- What is needed -
Pictures are to be left out; every line from the one that holds "ویلای قدیمی 216 متری در میان پشته" to the end of the data is to be retyped exactly.

[Dataset excerpts]
# # #

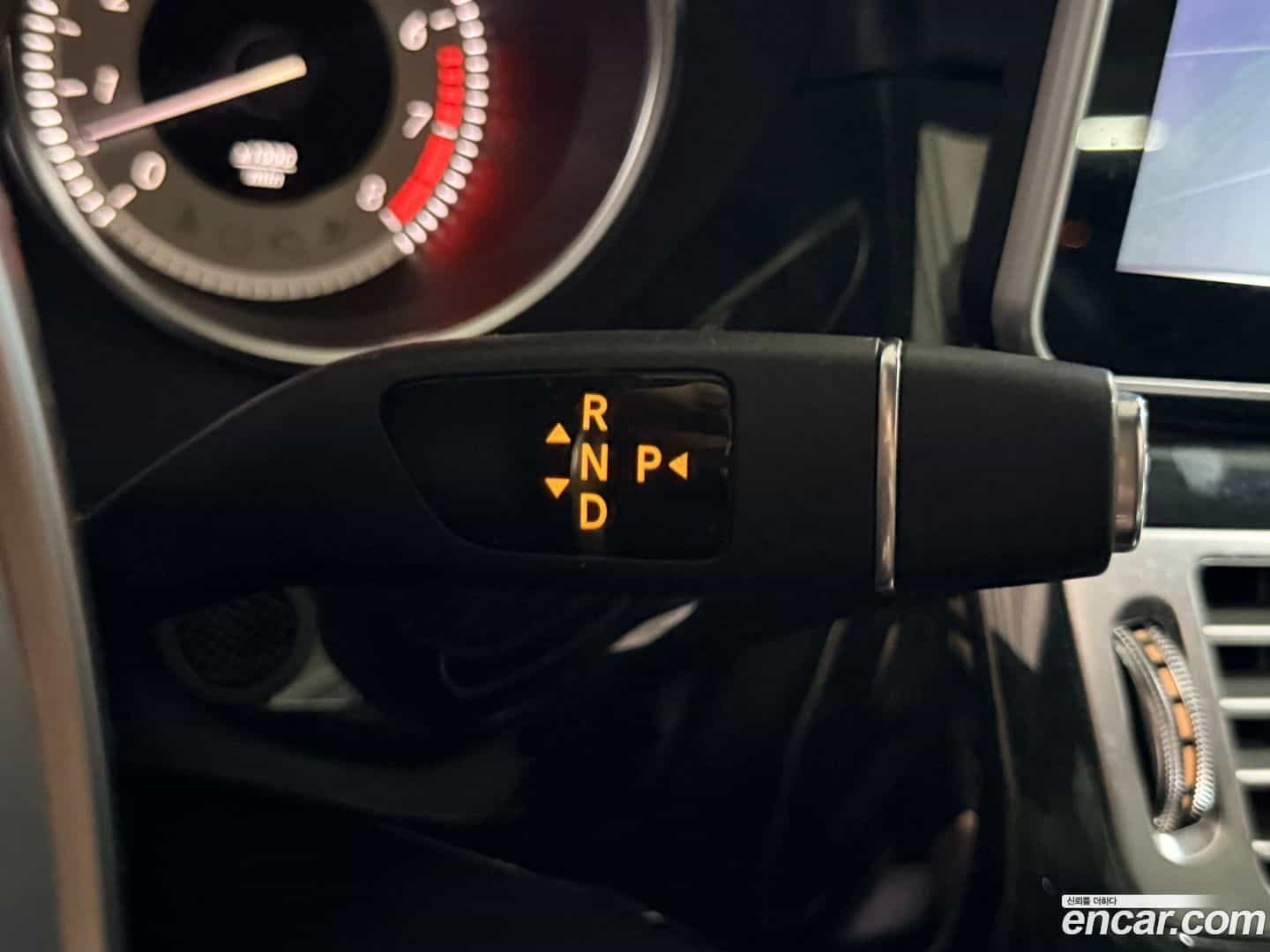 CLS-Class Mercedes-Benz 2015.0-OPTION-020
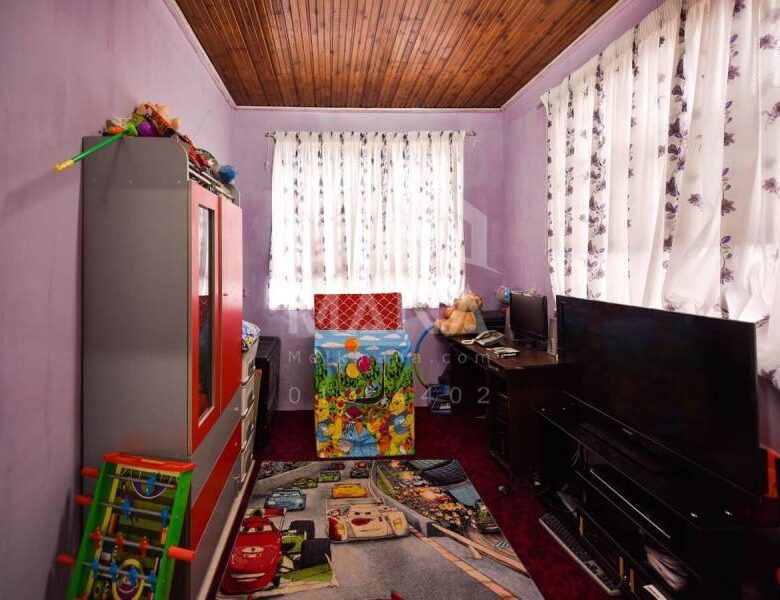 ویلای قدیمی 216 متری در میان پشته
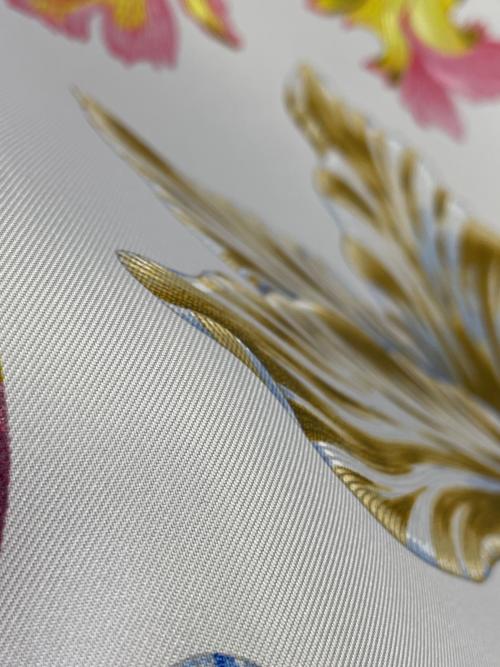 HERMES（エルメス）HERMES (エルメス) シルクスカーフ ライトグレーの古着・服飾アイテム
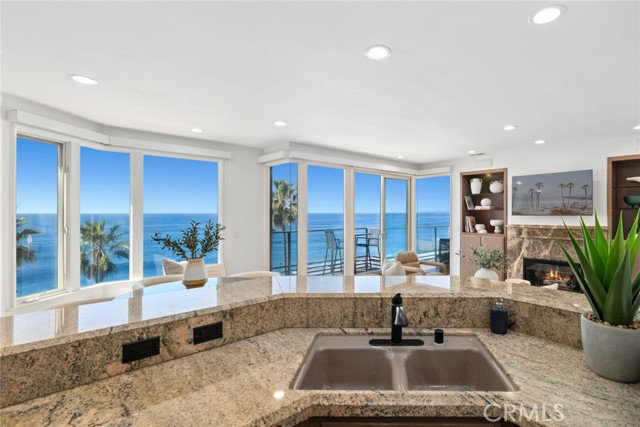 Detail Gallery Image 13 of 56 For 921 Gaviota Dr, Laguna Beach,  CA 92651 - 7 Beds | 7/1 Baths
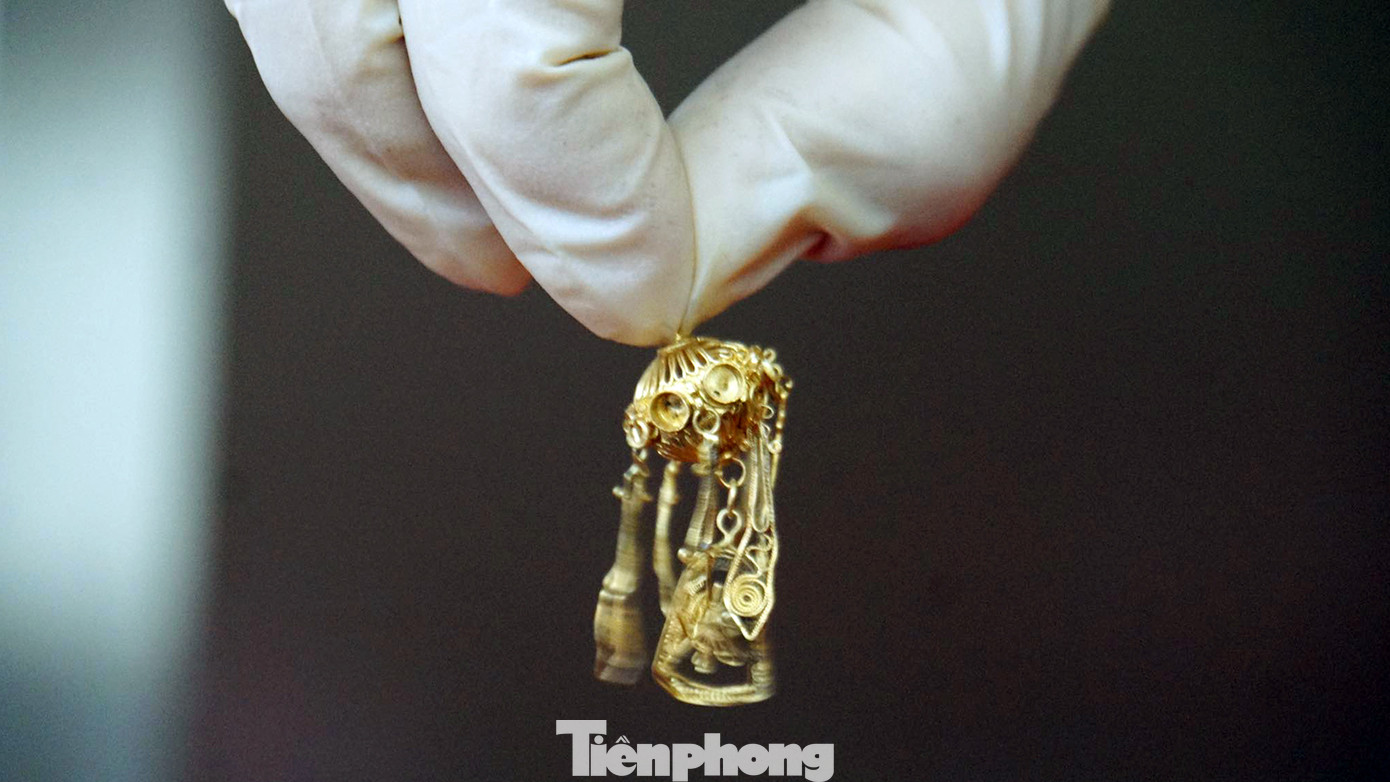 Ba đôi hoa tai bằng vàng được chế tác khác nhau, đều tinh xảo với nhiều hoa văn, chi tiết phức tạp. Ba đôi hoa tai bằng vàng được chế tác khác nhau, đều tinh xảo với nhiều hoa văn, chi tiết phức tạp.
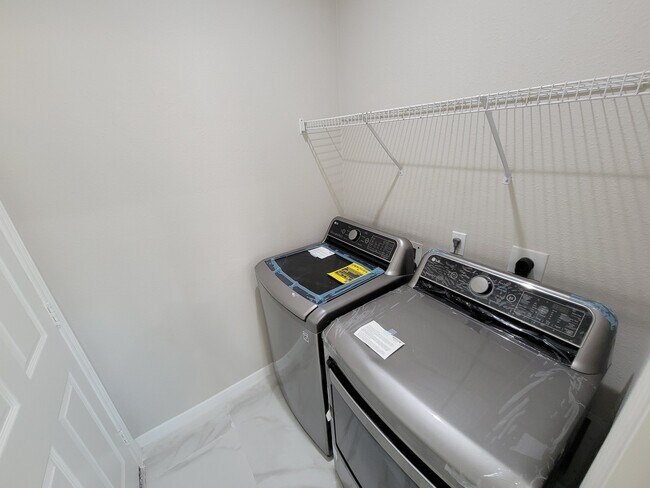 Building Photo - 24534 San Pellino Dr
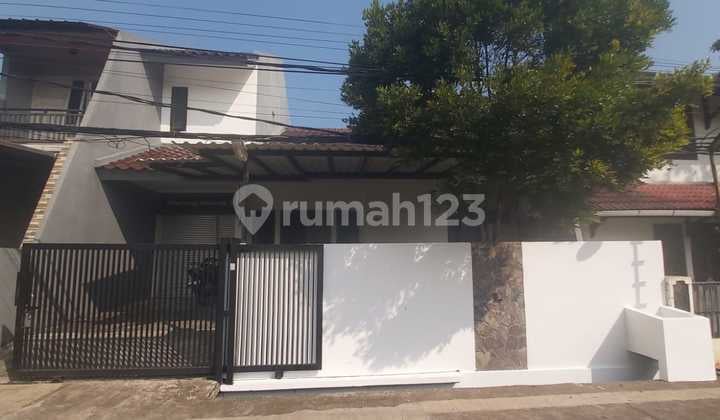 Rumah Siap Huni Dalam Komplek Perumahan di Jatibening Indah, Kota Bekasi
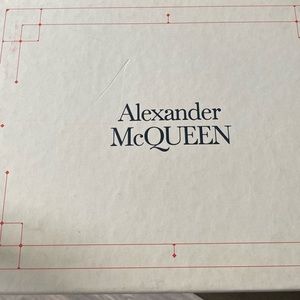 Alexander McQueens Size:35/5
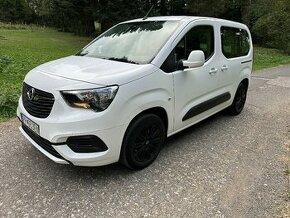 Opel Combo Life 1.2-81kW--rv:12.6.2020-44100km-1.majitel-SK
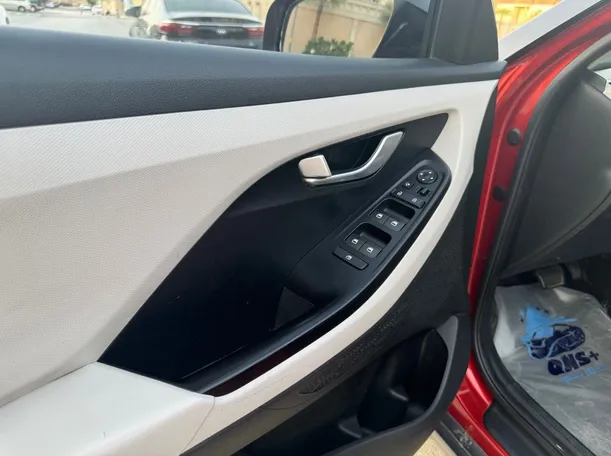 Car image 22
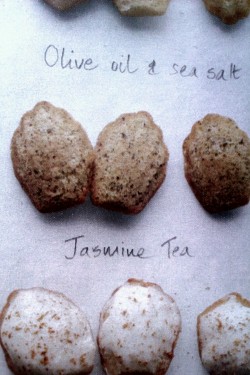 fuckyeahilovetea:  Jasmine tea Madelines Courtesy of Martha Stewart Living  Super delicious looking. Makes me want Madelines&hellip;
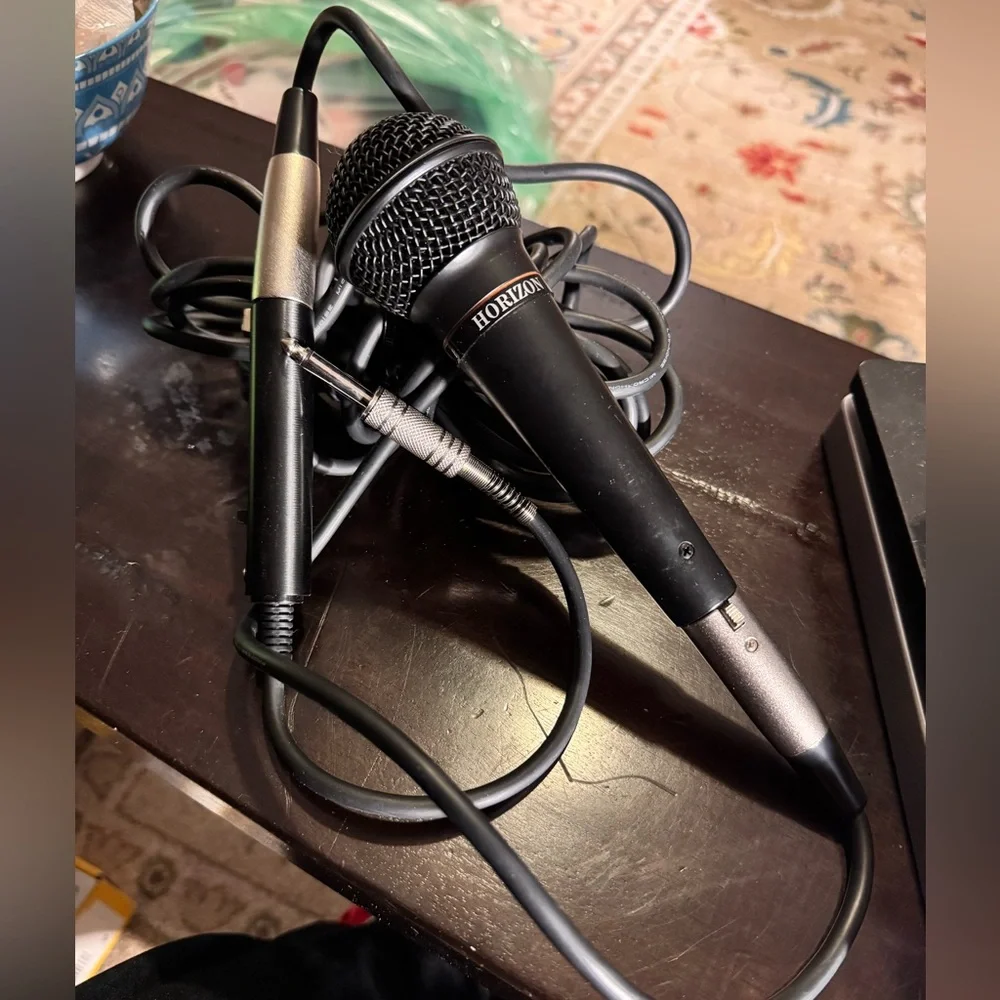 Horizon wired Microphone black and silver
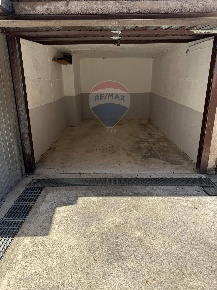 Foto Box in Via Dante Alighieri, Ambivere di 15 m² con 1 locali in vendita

# # #

- Response below -
 ویلای قدیمی 216 متری در میان پشته
 HERMES（エルメス）HERMES (エルメス) シルクスカーフ ライトグレーの古着・服飾アイテム
 Detail Gallery Image 13 of 56 For 921 Gaviota Dr, Laguna Beach,  CA 92651 - 7 Beds | 7/1 Baths
 Ba đôi hoa tai bằng vàng được chế tác khác nhau, đều tinh xảo với nhiều hoa văn, chi tiết phức tạp. Ba đôi hoa tai bằng vàng được chế tác khác nhau, đều tinh xảo với nhiều hoa văn, chi tiết phức tạp.
 Building Photo - 24534 San Pellino Dr
 Rumah Siap Huni Dalam Komplek Perumahan di Jatibening Indah, Kota Bekasi
 Alexander McQueens Size:35/5
 Opel Combo Life 1.2-81kW--rv:12.6.2020-44100km-1.majitel-SK
 Car image 22
 fuckyeahilovetea:  Jasmine tea Madelines Courtesy of Martha Stewart Living  Super delicious looking. Makes me want Madelines&hellip;
 Horizon wired Microphone black and silver
 Foto Box in Via Dante Alighieri, Ambivere di 15 m² con 1 locali in vendita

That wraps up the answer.